## Plate Capacitor

### Experiment number : 2122

• #### Goal of experiment

The experiment shows the dependence of capacitance of a plate capacitor on the surface area and the distance between the plates.

• #### Theory

Capacitance C of a conductor expresses the ability of the conductor to accumulate electric charge. It is defined by the ratio of charge Q of and insulated conductor and its potential φ:

$C=\frac{Q}{φ}.$

The capacitance of an isolated conductor is much smaller than the capacitance of a set of two conductors separated by a thin layer of air or a dielectric. Such a system is called a capacitor. The simplest capacitor is a plate capacitor consisting of two parallel plates with effective area S a distance d. If we connect this capacitor to a power source, the plate with higher potential will be charged with a positive charge +Q, and the other plate with negative charge -Q.

Capacitance of a plate capacitor is given by:

$C=\varepsilon_\mathrm{0}\varepsilon_\mathrm{r}\frac{S}{d},$

where ε0 ≈ 8.85·10-12 C2·N-1·m-2 is the vacuum permittivity and εr is the relative dielectric permittivity. The relative permittivity of air is εr ≈ 1. In this experiment we use a book page as a dielectric.

Capacitance of a spherical conductor with radius R is $$C=4\pi\varepsilon_\mathrm{0}\varepsilon_\mathrm{r}R$$. For every 1 cm of the radius of a spherical conductor, capacitance increases by approximately 1 pF, while capacitance of a capacitor made from an A4 book is in order of hundreds of pF.

• #### Tools

Two sheets of aluminium foil, capacitance meter, conducting wires, thick book (or stock of paper).

• #### Procedure

Dependence of capacitor capacitance on plate distance

1. Put two sheets of aluminium foil into the book so that there are twenty pages between them.

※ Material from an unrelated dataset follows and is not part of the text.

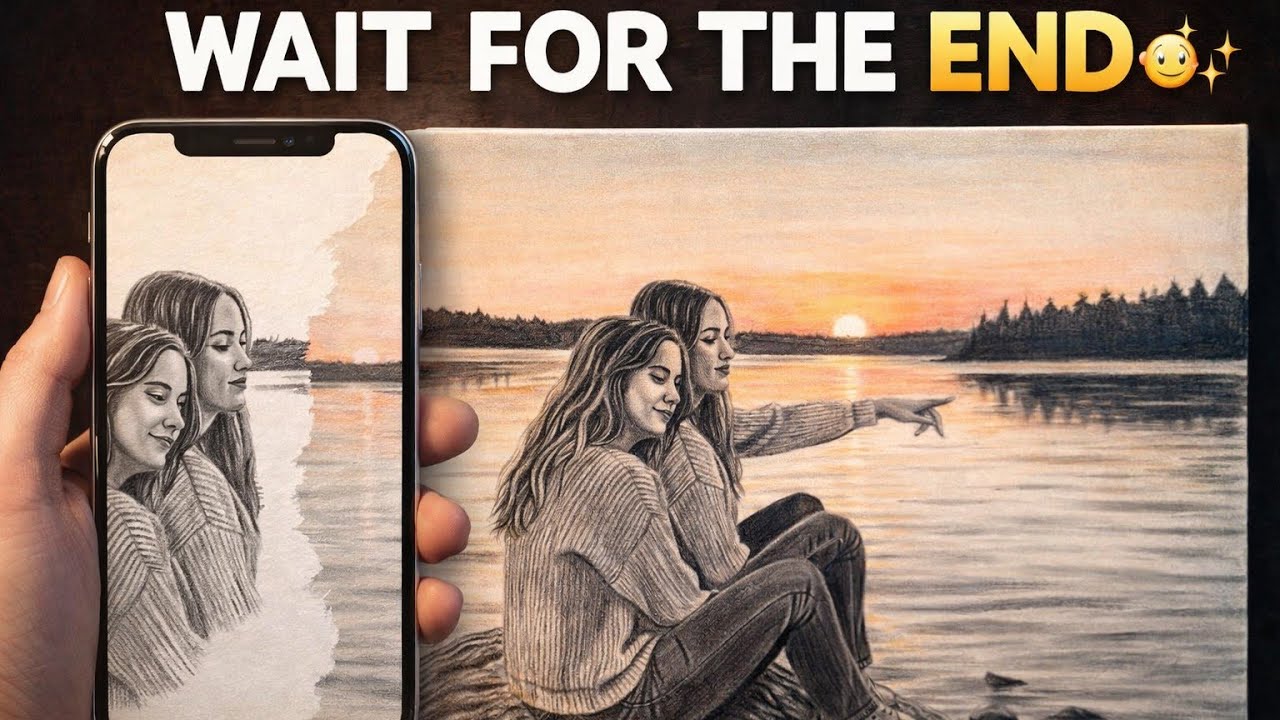 “Some Moments Don’t Need Words… 🌅 Pencil Drawing Story” #art #pencildrawing #bffgoals  #chavi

2. Connect the foils to the capacitance meter and measure the capacitance.

3. Now place forty sheets of paper between the aluminium foils and measure the capacitance.

4. Add another twenty sheets of paper between the foils (60 in total). Compare the measured values for a different number of sheets between the aluminium foils.

Dependence of capacitor capacitance on the effective surface area

1. Fold one aluminium foil in half and measure the capacitance of this capacitor.

2. Gradually reduce the surface area of the aluminium foil and measure its capacitance.

3. Compare the measured values for different surface areas.

• #### Sample result

A sample result is illustrated in the video below.

The range of the capacity meter is set to 20 nF. The measured values are summarized in the following tables.

Number of pages C [pF]
35 390
85 220
128 190

Effective surface area C [pF]
$$1 S$$ 390
$$\frac{1}{2} S$$ 210
$$\frac{1}{4} S$$ 150
$$\frac{1}{8} S$$ 100

From of the measured values we can observe that with more pages between the aluminium foils (i.e. with increasing distance), capacitance decreases. If we increase the surface area of the capacitor plates, its capacity increases. If we made a more accurate measurement and plotted the values into a graph, we would see that capacity is directly proportional to the surface area of the plates, and inversely proportional to the distance between the plates.

• #### Technical notes

• This measurement is greatly affected by how strongly we compress the book, or whether the aluminium foils are placed in the top or bottom part of the book.

• The capacitor capacitance with a plate of A4 format is in order of hundreds of pF.

• The aluminium foils should not be in contact during the measurement to avoid measurement errors.

• #### Pedagogical notes

In the second part of the experiment we can show the difference between the area of individual plates and the effective surface of the capacitor (overlapping area). If we change only the relative position of the two aluminium sheets, we can see how the capacity of the capacitor changes. From here we can see that in the relation for the capacitance of the plate capacitor, S appears to be an effective area.